● Prompt
Where an entry below contains an image, skip the image and copy the rest exactly.

++++++

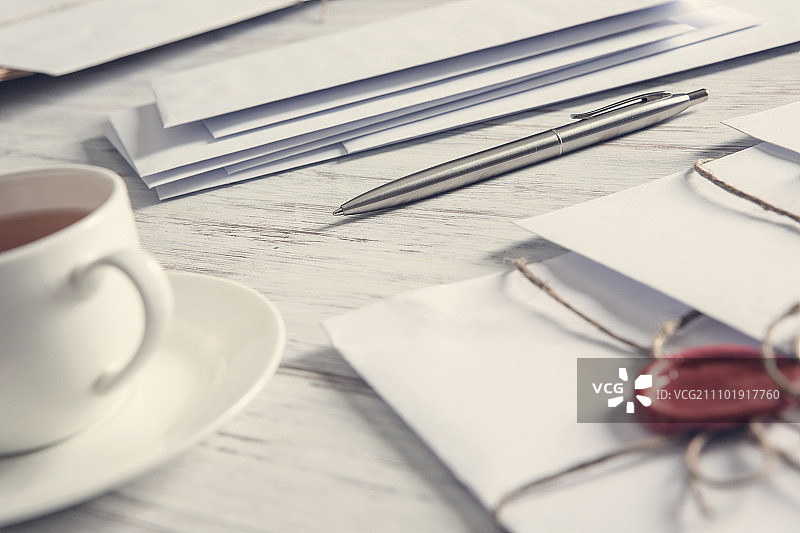 桌子上的带封印的信件，带有蜡封信封的旧邮政概念在木质表面上图片素材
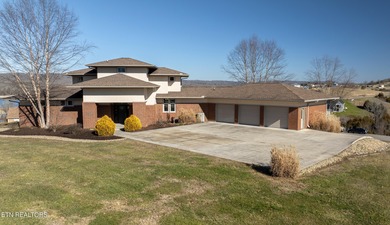 Wide open spaces within this architectural beauty! Welcome home - photo 10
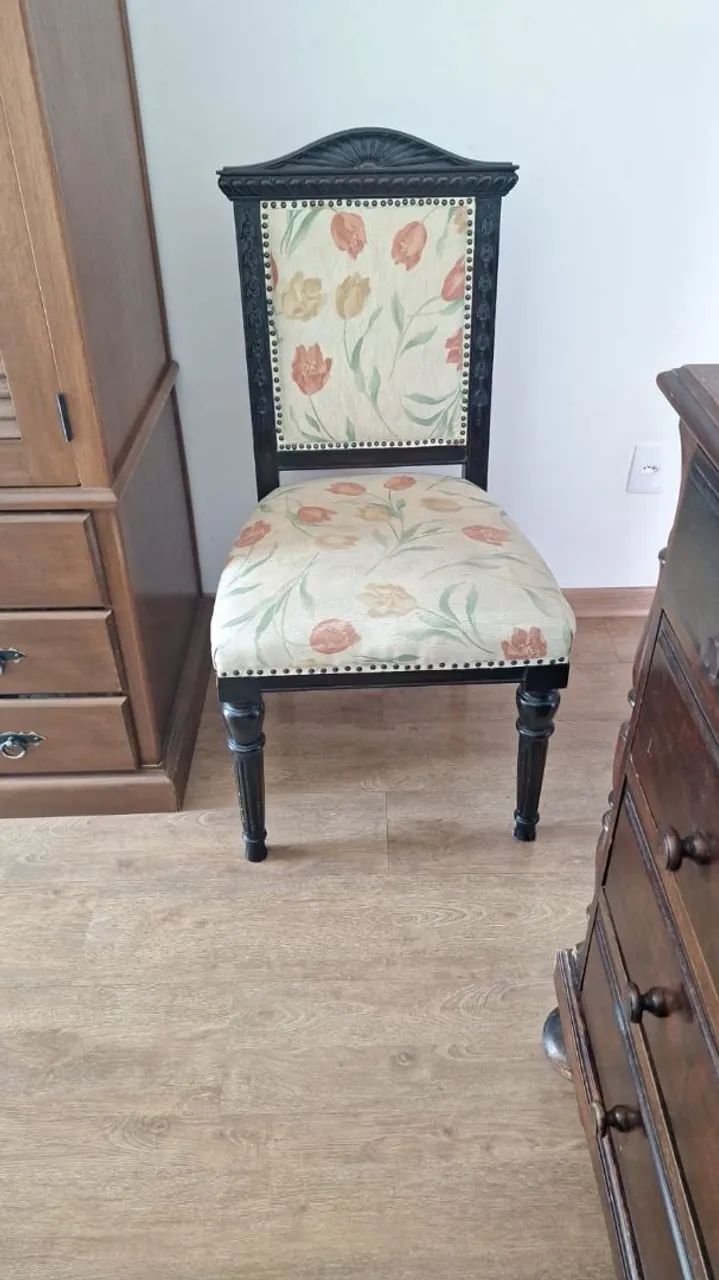 Guarda roupa e cadeira 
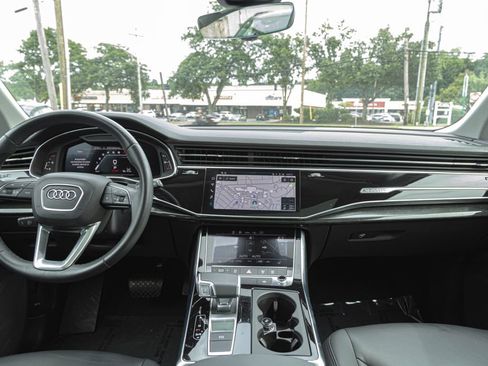 Used 2023 Audi Q7 2.0T Premium w/ Convenience Package AWD/4WD image 16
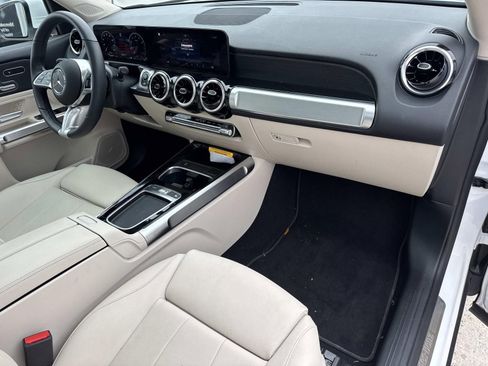 Used 2026 Mercedes-Benz GLB 250 image 11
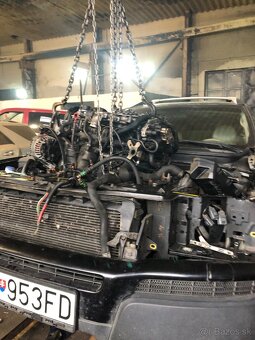 Rozpredam Volvo XC90  D5. 120kw - 3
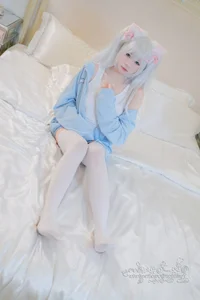 Ethereal Visual Storytelling: Nian Nian Tuan Zi Tu's Enchanting Cat Cosplay - image 5
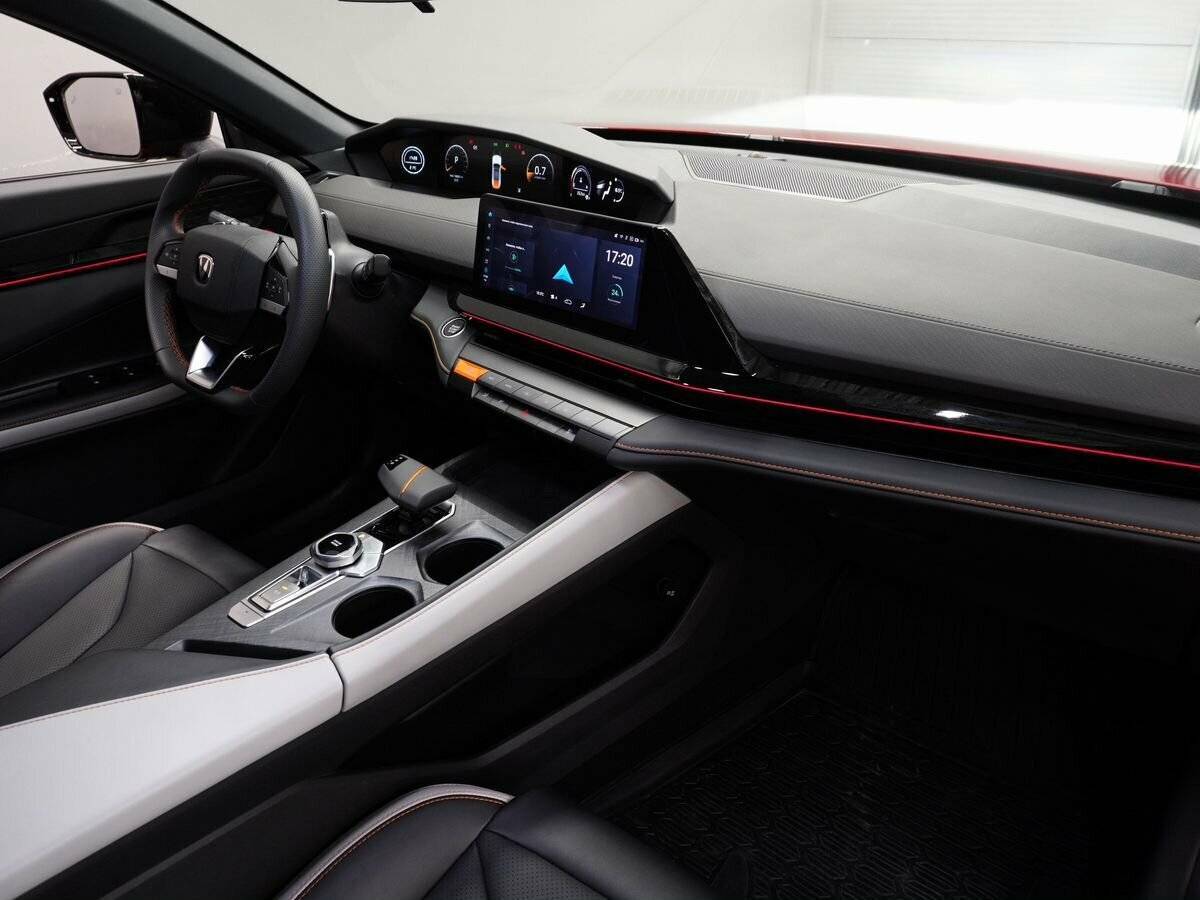 Changan UNI-V, 2023 Фото №10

++++++

● Finished task
 桌子上的带封印的信件，带有蜡封信封的旧邮政概念在木质表面上图片素材
 Wide open spaces within this architectural beauty! Welcome home - photo 10
 Guarda roupa e cadeira 
 Used 2023 Audi Q7 2.0T Premium w/ Convenience Package AWD/4WD image 16
 Used 2026 Mercedes-Benz GLB 250 image 11
 Rozpredam Volvo XC90  D5. 120kw - 3
 Ethereal Visual Storytelling: Nian Nian Tuan Zi Tu's Enchanting Cat Cosplay - image 5
 Changan UNI-V, 2023 Фото №10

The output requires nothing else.